There are two main types of stroke:
- 80% are ischaemic strokes
- Clots in arteries travels along the bloodstream and becomes lodged in the brain, reducing or blocking blood flow that part of the brain
- 20% are haemorrhagic strokes (higher mortality)
- Blood vessels leaks or ruptures, causing blood to accumulate in or around brain tissues
Haemorrhagic strokes occur about twice more commonly among Asian than Western countries, and account for between 20% to 25% of all strokes in Singapore.
- Trouble speaking (e.g., slurring) or understanding what others are saying.
- Sudden paralysis or numbness of the face, arm or leg, often on one side of the body. The side of the mouth droops when smiling.
- Sudden problems seeing in one or both eyes (e.g. blurring, blackened or double vision) .
- A sudden, severe headache, which may be accompanied by vomiting, dizziness or altered consciousness.
- Trouble walking with loss of balance and coordination.
What is the prognosis of haemorrhagic stroke?
- Although less common than ischaemic strokes, haemorrhagic strokes are more serious and life-threatening.
- Without treatment, often surgery, many will not survive beyond the first few days after haemorrhagic stroke.
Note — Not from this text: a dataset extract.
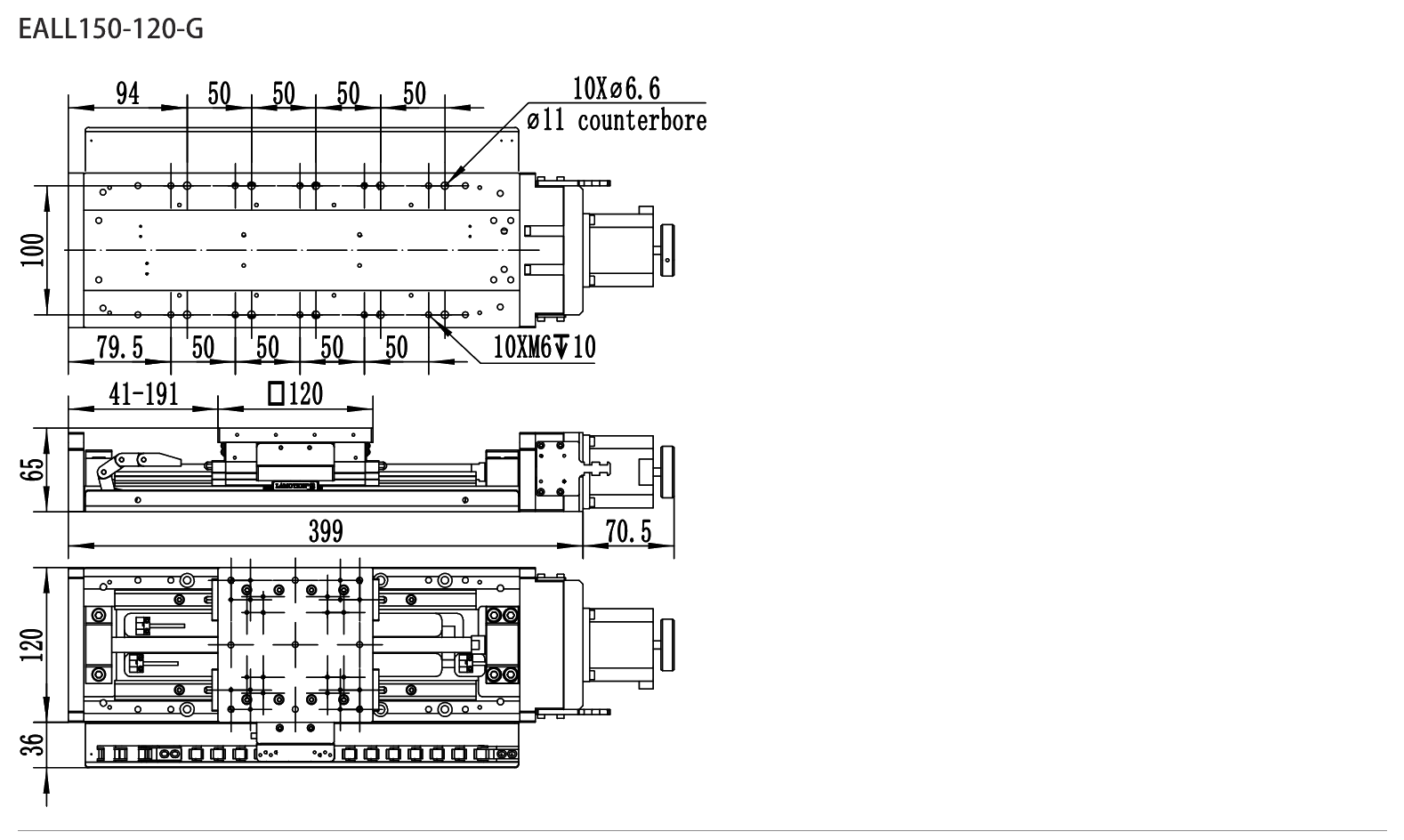 Precision Motorized Linear Stage EALL150-120-G drawing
- Traditionally, good outcomes are rare with only 1 in 5 to have good recovery after a haemorrhagic stroke.
- Receiving the appropriate treatment very early after stroke onset is critical to maximise the chances of good outcome.
- Ischaemic stroke is caused by the severe reduction of blood flow to a region of the brain by a blocked vessel
- The blockade or narrowing of blood vessel is often due to fatty deposits in arteries that break off, or blood clots in the vessels, and travel to the brain and gets lodge in the brain
- Haemorrhagic stroke is caused by conditions that affect your blood vessels, which include:
- Uncontrolled high blood pressure
- Use of blood thinning medications
- Bulges and weak spots in your blood vessel walls (aneurysms, cavernoma, arteriovenous malformations)
- Trauma to the head (such as an accident)
- History and neurological examination
- CT brain scan (with special sequence that can visualise blood vessels)
- Consecutive CT brain scans in the first 6 to 24 hours after stroke to monitor changes in size of blood clot over time
- MRI brain scan to look for underlying cause such as tumour or vascular abnormalities
Treatment of Haemorrhagic Stroke
Medical management is usually employed with smaller sized blood clots. Over time, the blood clot will resolve by themselves.
- Oral medications are aimed at keeping the blood pressure within control.
- There is no medication that directly treats the blood clot in haemorrhagic stroke.
Surgery to remove blood clot
If the blood clot is large enough to cause significant symptoms, surgery should be considered.
- Minimally invasive surgery (early surgery)
- A tube-like device is inserted along the natural folds of the brain.
- The device displaces the normal healthy brain, instead of cutting through them, to access the blood clot usually located deep in the brain.
- Minimally invasive surgery allows a smaller opening in the skull and lesser trauma to the surrounding normal brain (when compared to conventional craniotomy).
- As the opening in the skull is small and no skull bone is removed, further surgery to replace the skull is not required.
- Craniotomy (opening of skull) to remove clot
- An large opening in the skull is made to provide access to the clot
- Often performed in an acute emergency setting
- Decompressive craniectomy:
- In some patients with brain swelling, the skull may not be put back immediately in the same procedure
- Instead, the opening in the skull will be repaired after a few months in another surgery called Cranioplasty.
- Stroke can be a devastating disease
- Early and appropriate treatment can make a significant difference and increase the chances of good recovery.
- In severe haemorrhagic stroke, consideration given to early surgery to prevent avoidable and further damage to the brain by the blood clot.